(Stored items)

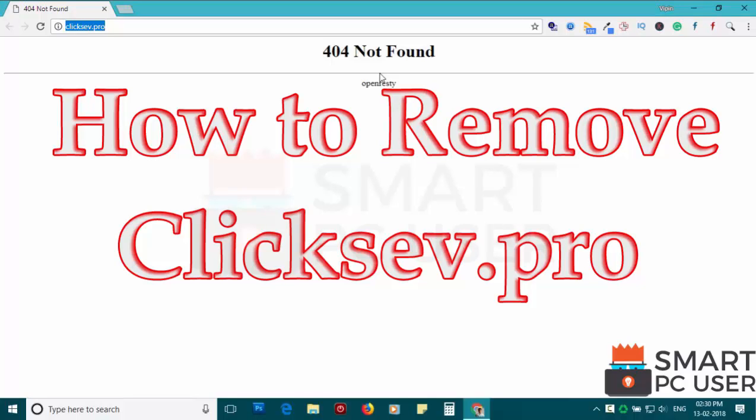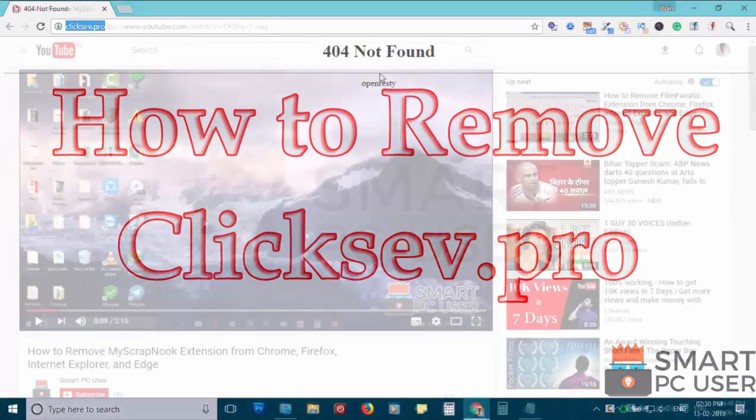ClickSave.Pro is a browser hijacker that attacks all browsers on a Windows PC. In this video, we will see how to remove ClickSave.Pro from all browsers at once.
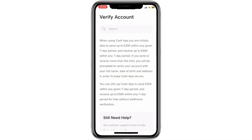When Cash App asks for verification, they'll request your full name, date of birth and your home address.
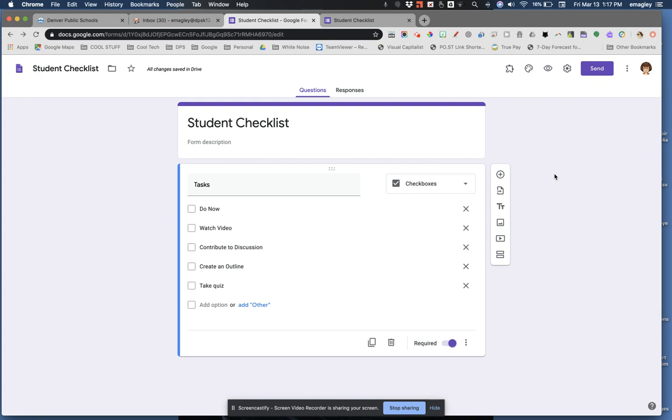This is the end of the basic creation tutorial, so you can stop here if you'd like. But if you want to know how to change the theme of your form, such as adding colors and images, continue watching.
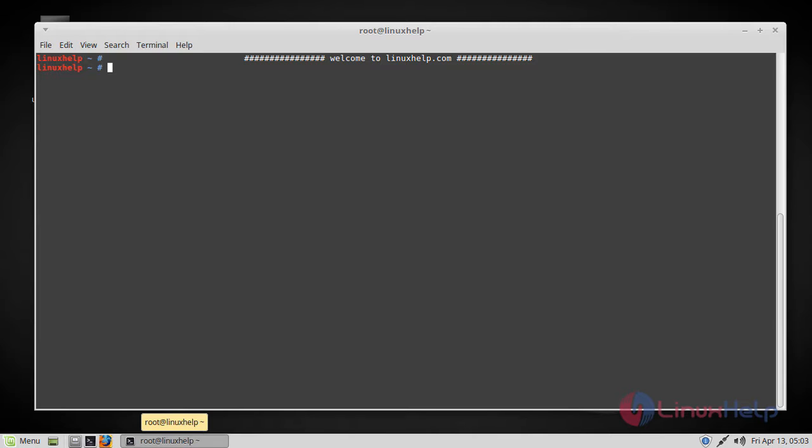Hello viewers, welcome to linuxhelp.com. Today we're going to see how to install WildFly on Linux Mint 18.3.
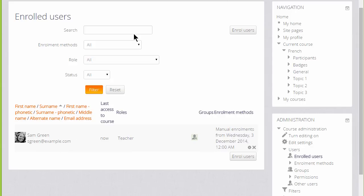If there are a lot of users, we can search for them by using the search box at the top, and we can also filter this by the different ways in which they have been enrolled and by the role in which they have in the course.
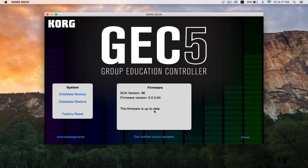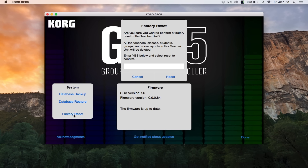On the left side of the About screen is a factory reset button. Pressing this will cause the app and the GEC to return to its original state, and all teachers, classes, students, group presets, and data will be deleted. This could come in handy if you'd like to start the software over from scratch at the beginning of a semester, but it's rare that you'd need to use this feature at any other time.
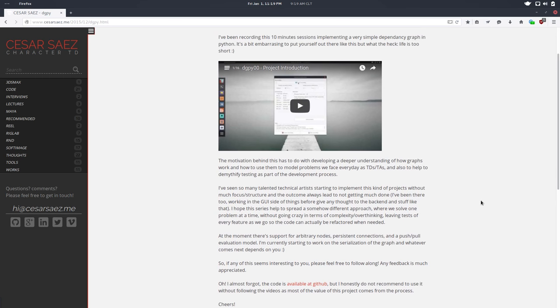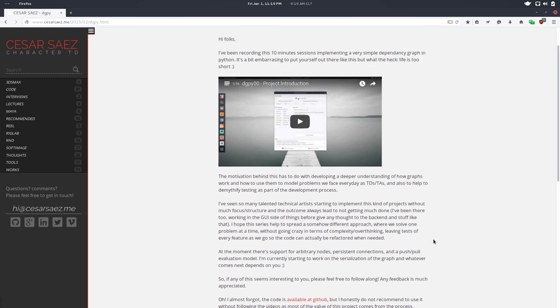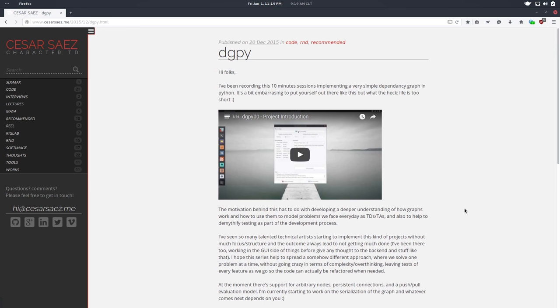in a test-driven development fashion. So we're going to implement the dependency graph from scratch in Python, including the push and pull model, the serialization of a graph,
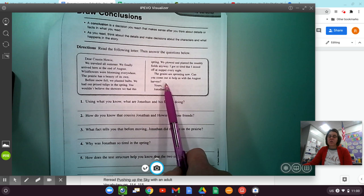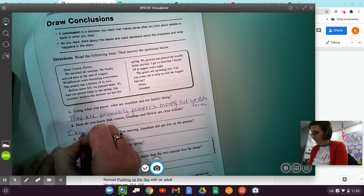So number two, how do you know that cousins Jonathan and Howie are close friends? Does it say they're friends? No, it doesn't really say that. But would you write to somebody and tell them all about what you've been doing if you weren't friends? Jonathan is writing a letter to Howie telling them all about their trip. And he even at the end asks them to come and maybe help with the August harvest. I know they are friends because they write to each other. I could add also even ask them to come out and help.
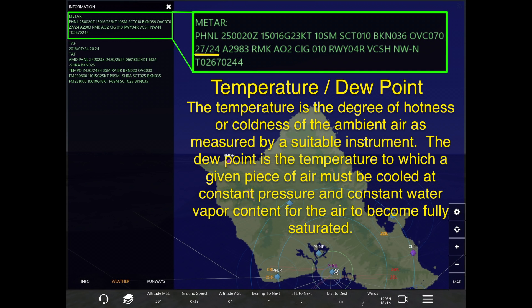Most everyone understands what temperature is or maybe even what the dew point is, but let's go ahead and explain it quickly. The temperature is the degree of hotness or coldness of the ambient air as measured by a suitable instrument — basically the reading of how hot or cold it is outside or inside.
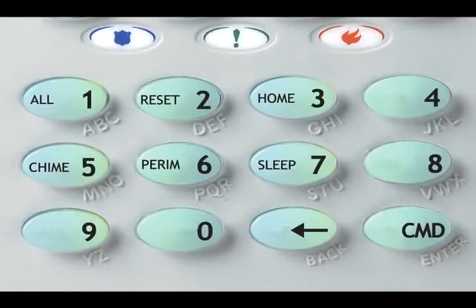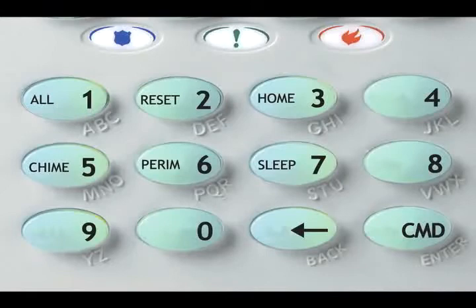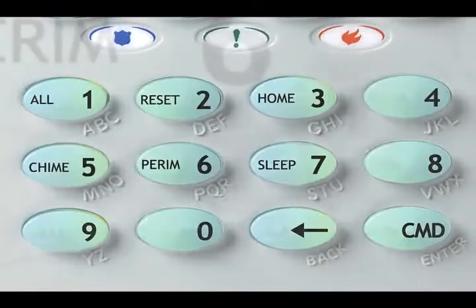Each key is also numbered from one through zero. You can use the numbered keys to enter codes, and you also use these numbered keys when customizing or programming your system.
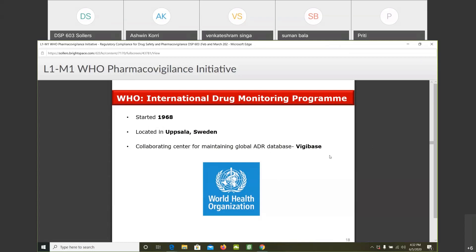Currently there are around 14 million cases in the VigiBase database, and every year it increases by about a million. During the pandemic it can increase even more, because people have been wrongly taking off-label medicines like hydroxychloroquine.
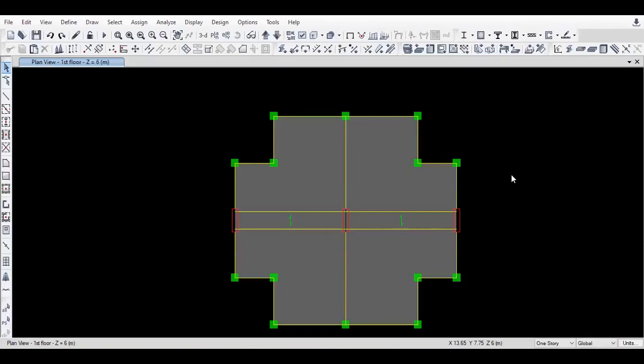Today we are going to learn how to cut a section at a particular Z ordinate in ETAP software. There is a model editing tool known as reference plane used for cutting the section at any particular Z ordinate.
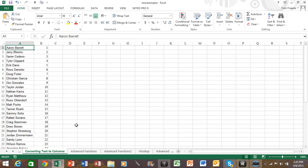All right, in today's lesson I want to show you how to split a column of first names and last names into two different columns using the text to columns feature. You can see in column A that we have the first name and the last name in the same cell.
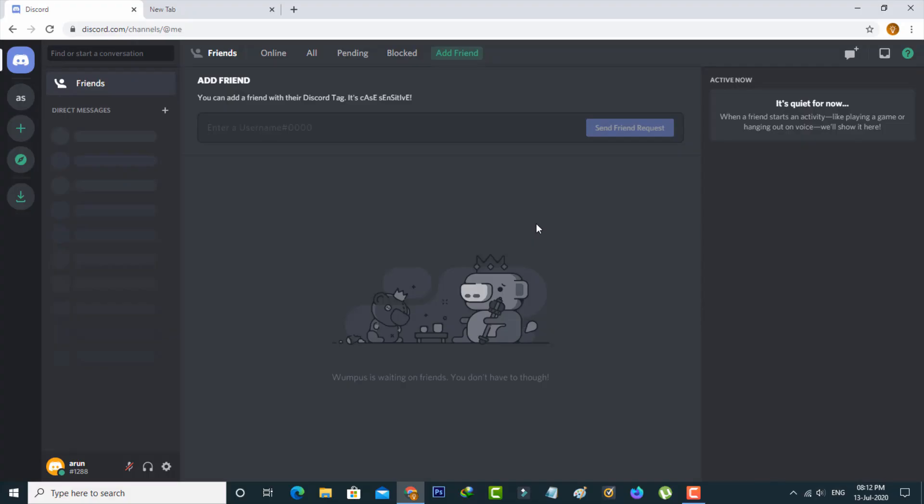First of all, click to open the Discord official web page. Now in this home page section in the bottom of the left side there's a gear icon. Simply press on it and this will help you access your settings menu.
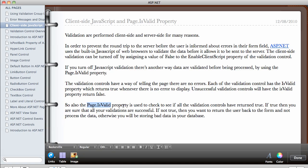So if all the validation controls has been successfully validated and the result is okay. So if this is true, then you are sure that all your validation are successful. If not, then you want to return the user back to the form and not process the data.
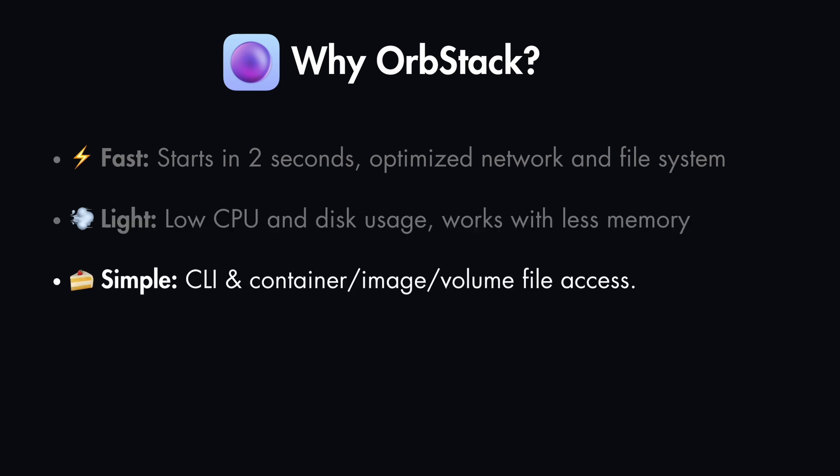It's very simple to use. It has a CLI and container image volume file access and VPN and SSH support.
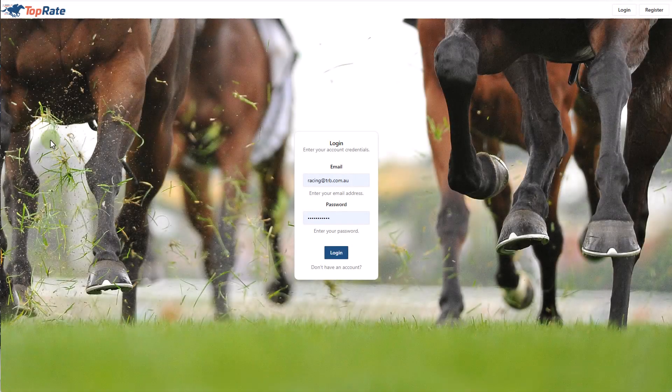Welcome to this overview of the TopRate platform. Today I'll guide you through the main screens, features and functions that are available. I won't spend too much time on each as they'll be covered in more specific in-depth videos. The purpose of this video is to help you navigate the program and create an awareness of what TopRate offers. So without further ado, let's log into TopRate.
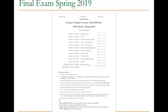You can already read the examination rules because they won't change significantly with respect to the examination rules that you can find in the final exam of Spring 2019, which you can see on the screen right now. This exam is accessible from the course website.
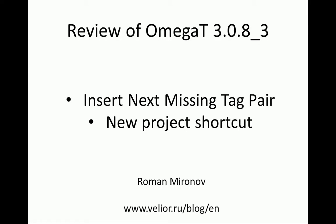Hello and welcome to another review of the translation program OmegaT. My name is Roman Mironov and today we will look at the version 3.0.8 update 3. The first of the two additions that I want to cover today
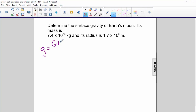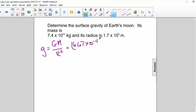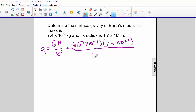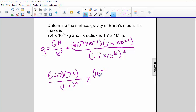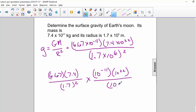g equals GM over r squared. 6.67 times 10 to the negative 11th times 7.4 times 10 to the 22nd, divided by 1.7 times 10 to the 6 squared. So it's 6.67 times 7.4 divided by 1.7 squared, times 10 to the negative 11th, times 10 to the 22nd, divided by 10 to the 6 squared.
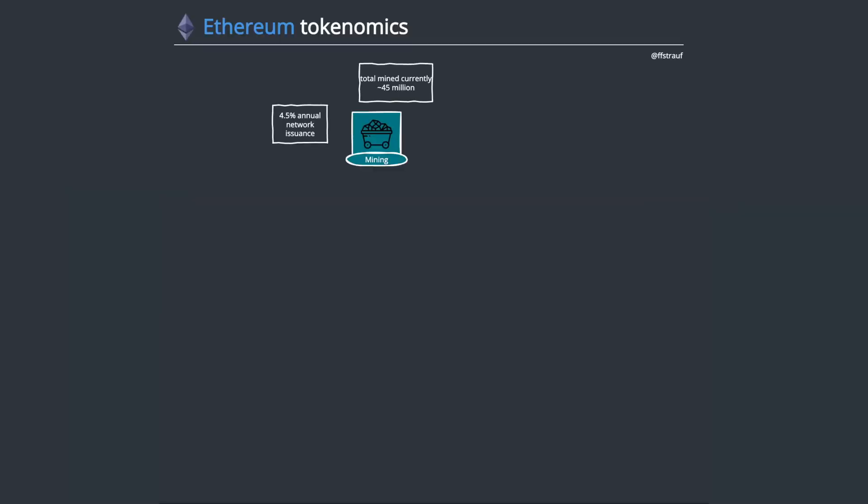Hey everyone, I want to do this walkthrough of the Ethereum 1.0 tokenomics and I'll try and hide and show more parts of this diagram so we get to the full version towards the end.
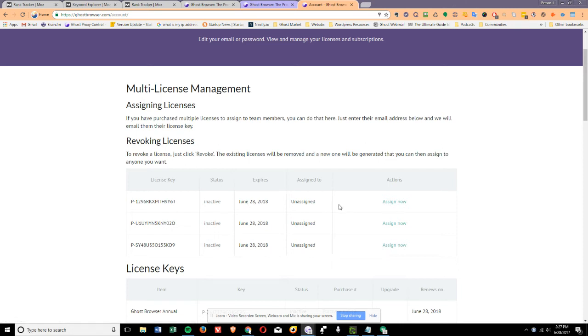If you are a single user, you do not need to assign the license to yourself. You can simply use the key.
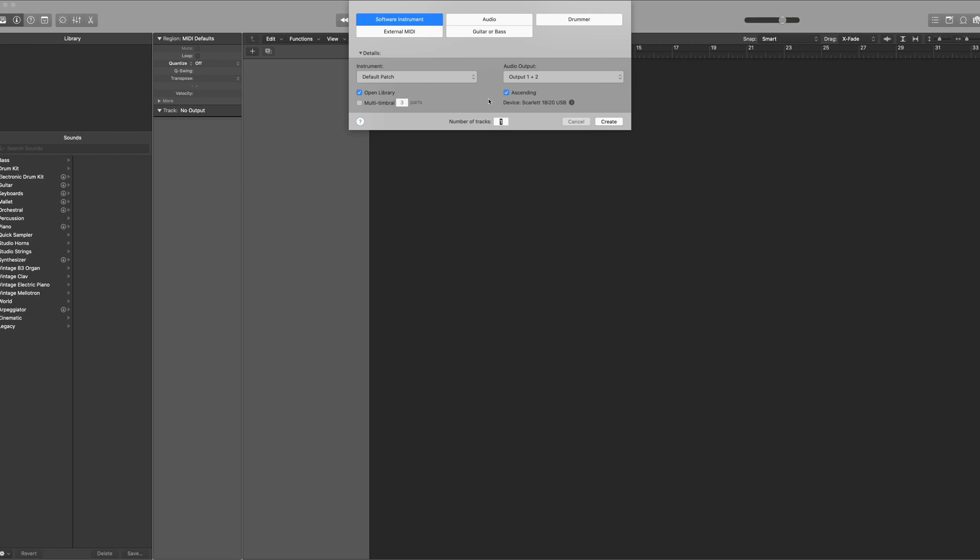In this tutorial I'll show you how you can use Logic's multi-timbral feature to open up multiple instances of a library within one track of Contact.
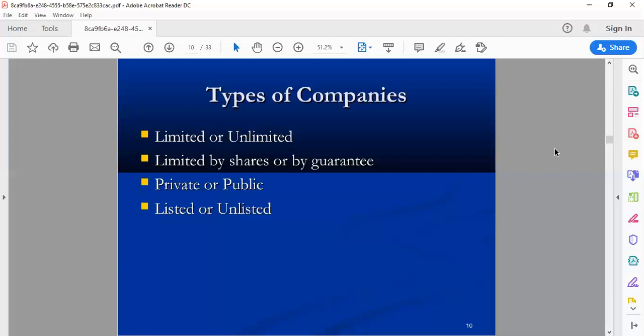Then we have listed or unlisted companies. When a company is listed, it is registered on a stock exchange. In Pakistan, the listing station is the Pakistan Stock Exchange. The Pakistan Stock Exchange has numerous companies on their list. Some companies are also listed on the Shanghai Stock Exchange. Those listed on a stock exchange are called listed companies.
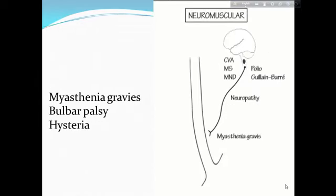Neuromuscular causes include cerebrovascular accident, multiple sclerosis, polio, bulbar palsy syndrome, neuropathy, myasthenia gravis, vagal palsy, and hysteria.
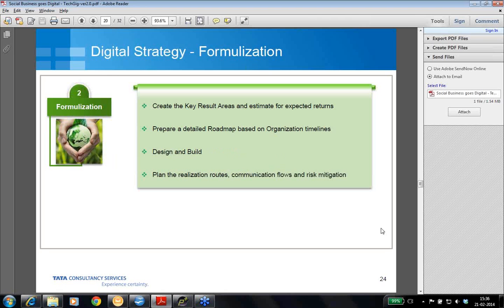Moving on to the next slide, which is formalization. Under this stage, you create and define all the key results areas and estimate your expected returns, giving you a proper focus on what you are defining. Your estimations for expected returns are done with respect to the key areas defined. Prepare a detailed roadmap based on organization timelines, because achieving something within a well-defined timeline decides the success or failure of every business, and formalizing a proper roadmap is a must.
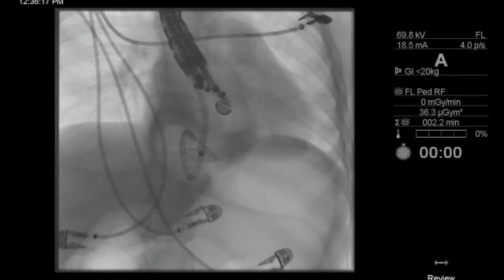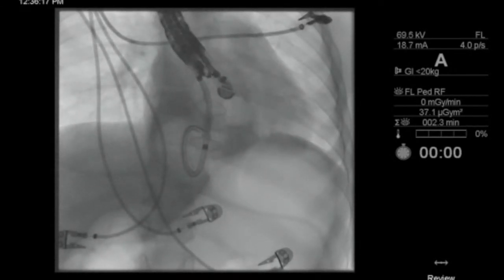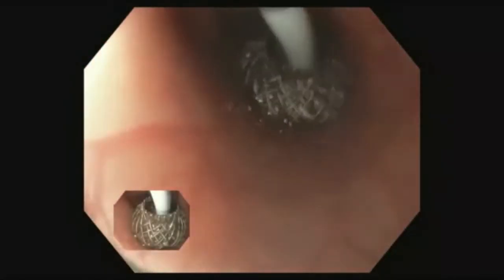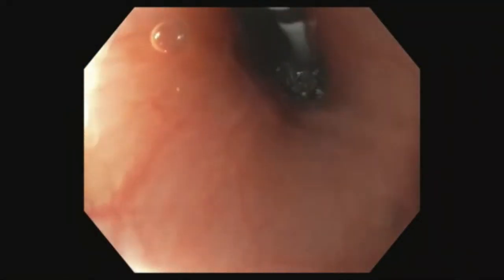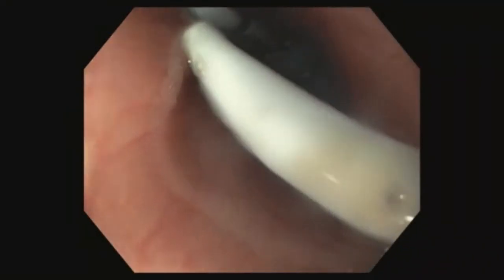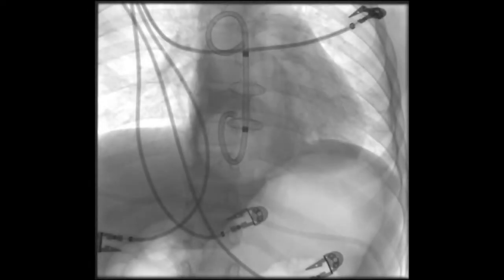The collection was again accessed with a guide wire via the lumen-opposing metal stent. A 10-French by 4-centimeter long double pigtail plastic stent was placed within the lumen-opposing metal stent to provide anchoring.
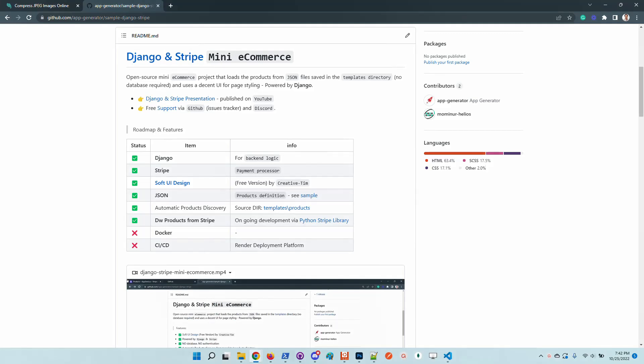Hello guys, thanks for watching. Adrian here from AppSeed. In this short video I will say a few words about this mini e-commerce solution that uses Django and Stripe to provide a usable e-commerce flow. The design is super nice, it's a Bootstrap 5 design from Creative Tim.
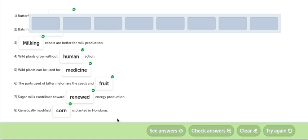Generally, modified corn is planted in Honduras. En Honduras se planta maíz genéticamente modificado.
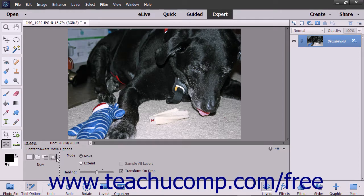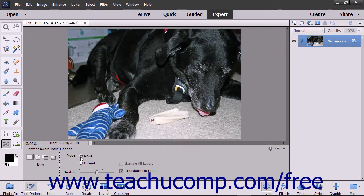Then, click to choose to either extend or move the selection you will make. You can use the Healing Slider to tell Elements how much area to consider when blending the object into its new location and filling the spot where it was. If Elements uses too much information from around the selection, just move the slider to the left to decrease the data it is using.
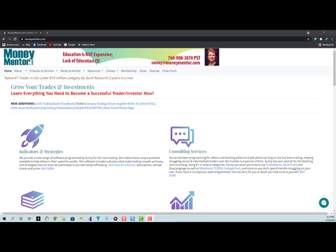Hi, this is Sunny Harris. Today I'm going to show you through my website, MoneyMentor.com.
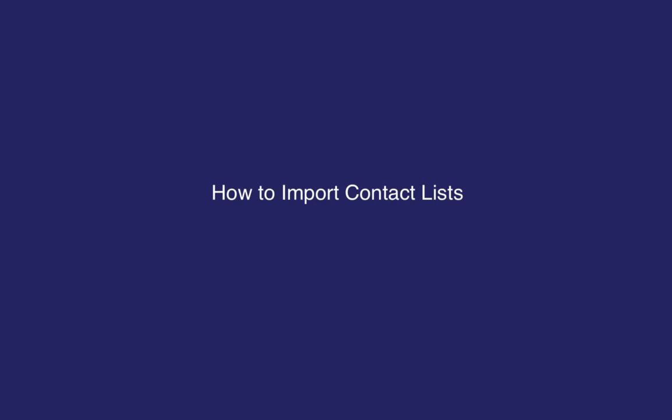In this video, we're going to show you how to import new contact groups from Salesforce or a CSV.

**What the exercise asks:** Using the data above, copy exactly the lines from the one containing "This is the" to the one containing "If there are", inclusive. Exclude the pictures.

**Task response:**
This is the end of the basic creation tutorial, so you can stop here if you'd like. But if you want to know how to change the theme of your form, such as adding colors and images, continue watching.
Hello viewers, welcome to linuxhelp.com. Today we're going to see how to install WildFly on Linux Mint 18.3.
If there are a lot of users, we can search for them by using the search box at the top, and we can also filter this by the different ways in which they have been enrolled and by the role in which they have in the course.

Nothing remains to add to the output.